Jpnindonesia.com Jakarta-Momentum menjelang pesta demokrasi 2024 ini merupakan tahun pergantian pimpinan dan mengganti figur tiap-tiap poros politik. Atas nama demokrasi, Tirani mayoritas justru memperkosa dan menodai kesucian Konstitusi yang semestinya hadir sebagai palang pintu penjaga demokrasi, hingga berakibat lahirnya anak haram berupa Keputusan MK No. 90/PUU-XXI/2023 yang justru mengembang biakan Korupsi, Kolusi, dan Melegalkan Nepotisme.
Berbagai dinamika yang terjadi, Paslon dan Tim Pendukung sering sekali mengedepankan narasi kampanye yang bukan isu kemasyarakatan namun malah Narasi narsistik untuk menutupi kekurangan Paslon yang lemah secara kapabilitas.
Proses pertarungan politik 2024 yang ketat dan panas turut menjadi perhatian kalangan Mahasiswa. Wakil Presiden Mahasiswa Usakti, Lamdahur Pamungkas. Menjelaskan kita sebagai komoditas suara mereka perlu melihat tawaran politik mereka yang konstruktif secara permasalahan mikro sosial sebelum masuk ke tahap makro. Perlu adanya calon dan paslon yang tuntas secara pengamalan sektor HAM dan dekat dengan Masyarakat. Agara pembangunan Nasional dapat memerhatikan Hak Asasi dan baik juga secara komunikasi dengan Masyarakat.

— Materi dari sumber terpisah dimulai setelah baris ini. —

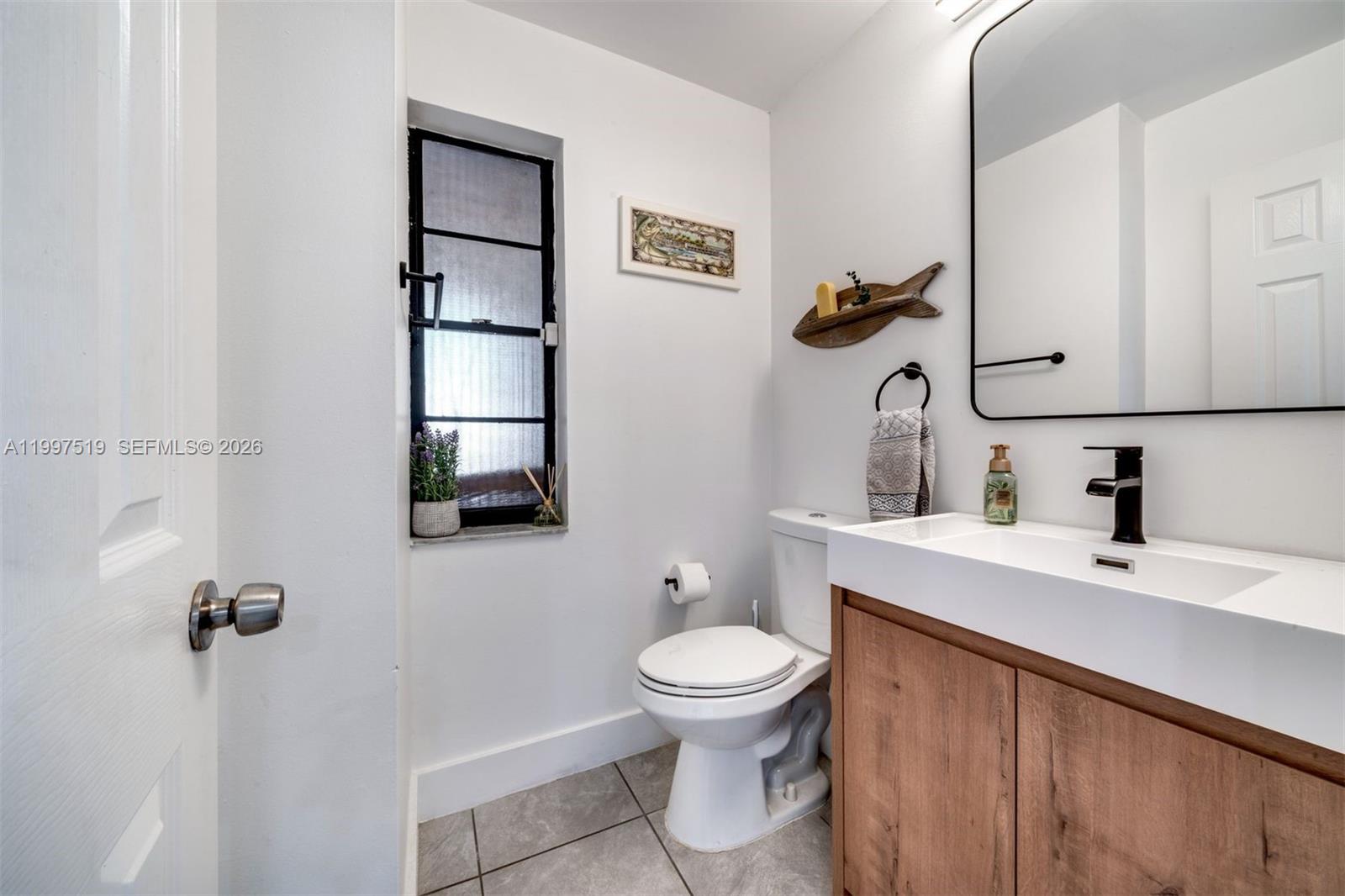 10415 Southwest 154th Court, Unit 2 Miami, FL 33196 - Photo 11 of 27 a bathroom with a sink toilet and vanity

Di sisi lain, ia juga berpendapat. “Saya dan Mahasiswa lainnya, bukan lagi jadi penyeimbang tapi akan menjadi lawan paslon akan adanya narasi-narasi kampanye yang Narsistik, Gimmick. Joget tidak akan memperkaya literatur kebangsaan untuk Masyarakat” dalam keterangannnya, Jumat (22/12/2023).
Kepresidenan Mahasiswa Universitas Trisakti berharap Mahasiswa dan Masyarakat mengkritisi setiap tawaran politik dari setiap calon dan paslon.
Tambahan informasi, Menjelang Debat Kampanye Cawapres RI masyarakat ingin adanya pemimpin yang mampu berbicara pengembangan ekonomi, strategi kebijakan fiskal dan moneter, pengembangan PSN memperhatikan sektor HAM.